La gousse tendre se digère facilement, nourrit peu : la semence fraîche est peu nourrissante, elle l’est beaucoup plus après sa dessiccation ; mais elle pèse aux estomacs foibles, cause des vents & des borborygmes. Les semences réduites en farine, servent aux cataplasmes émolliens & résolutifs.

Avec un peu d’art on vient à bout de conserver en vert des haricots, & c’est une des provisions de carême pour la ménagerie. J’emprunte la recette de leur préparation, du Journal économique du mois de février 1766. « Faites cueillir, sur la fin de l’été, les haricots de la meilleure espèce & les plus tendres que vous pourrez trouver, dans la quantité que vous voudrez en faire provision ; épluchez-les, c’est-à-dire ôtez-en les pointes des deux bouts & les fils des côtés, sans casser les haricots par le milieu, quand on veut les manger tout de suite ; faites après cela blanchir les haricots en les jetant dans l’eau bouillante & les retirant presqu’aussitôt, c’est-à-dire, quand ils auront fait deux bouillons seulement : il n’en faut pas davantage si l’on veut qu’ils conservent leur fraîcheur & leur goût. Pour faire cette opération plus sûrement & plus commodément, on a une grande chaudière sur le feu, dans laquelle l’eau bout, & on se sert d’un panier d’osier, avec lequel on plonge dans cette eau les haricots, & on les en retire quand ils ont tant soit peu bouilli. Il n’est pas nécessaire de mettre toute la provision en une seule fois, on peut le faire par parties & à différentes reprises, mais toujours dans la même proportion de cuisson. »

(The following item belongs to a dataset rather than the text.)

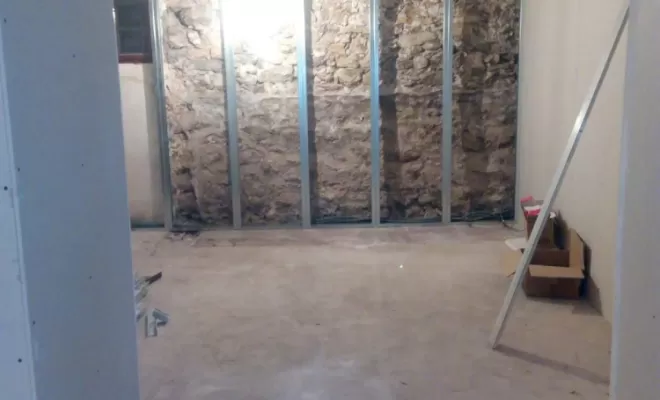 Comment rénover un plafond suite à un dégât des eaux dans un appartement ?, Houilles, PROJET CONSTRUCTION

« À mesure que l’on retire les haricots de l’eau bouillante, on les verse sur des claies que l’on tient pressées pour les y laisser égoutter ; il faut bien les éparpiller sur ses claies afin qu’ils refoulent mieux, & les placer à l’ombre pour sécher. Mettez ensuite ces claies dans un four après qu’on en aura retiré le pain ; mais il faut que le four ne soit guères chaud, & ne pas les y laisser long-temps ; car la chaleur recuirait les haricots, & en les séchant, trop elle en altéreroit la bonté. Pour éviter ce danger, si l’on a un grenier ou quelqu’autre endroit propre, & qu’on se trouve encore dans le temps des grosses chaleurs, il vaudra mieux porter les claies chargées dans le grenier, & les y laisser sécher toujours à l’ombre, jamais au soleil, par ce qu’il leur ôte la couleur & même le goût naturel. Le lieu le plus exposé à un grand courant d’air & à l’ombre, est celui qu’on doit choisir par préférence.

» Quand les haricots sont bien secs, on doit les enfermer dans des sacs de papier & les remplir ; ils ne doivent être percés nulle part, & on les gardera bien après y avoir mis les haricots, en collant leur ouverture de manière que l’air n’y puisse entrer par aucun endroit ; on fermera ensuite le sac dans un lieu sec, jusqu’à ce qu’on veuille en faire usage

» Lorsqu’on voudra en manger, on prendra un ou deux de ces sacs dont on tirera les haricots que l’on mettra tremper dans l’eau fraîche, depuis le matin jusqu’au soir ; cette eau les fera renfler & leur rendra leur première verdure : on pourra alors les faire cuire, les assaisonner, les servir, comme s’ils venoient d être cueillis : le goût n’en sera pas tout-à-fait le même, mais la différence n’en sera pas bien grande ».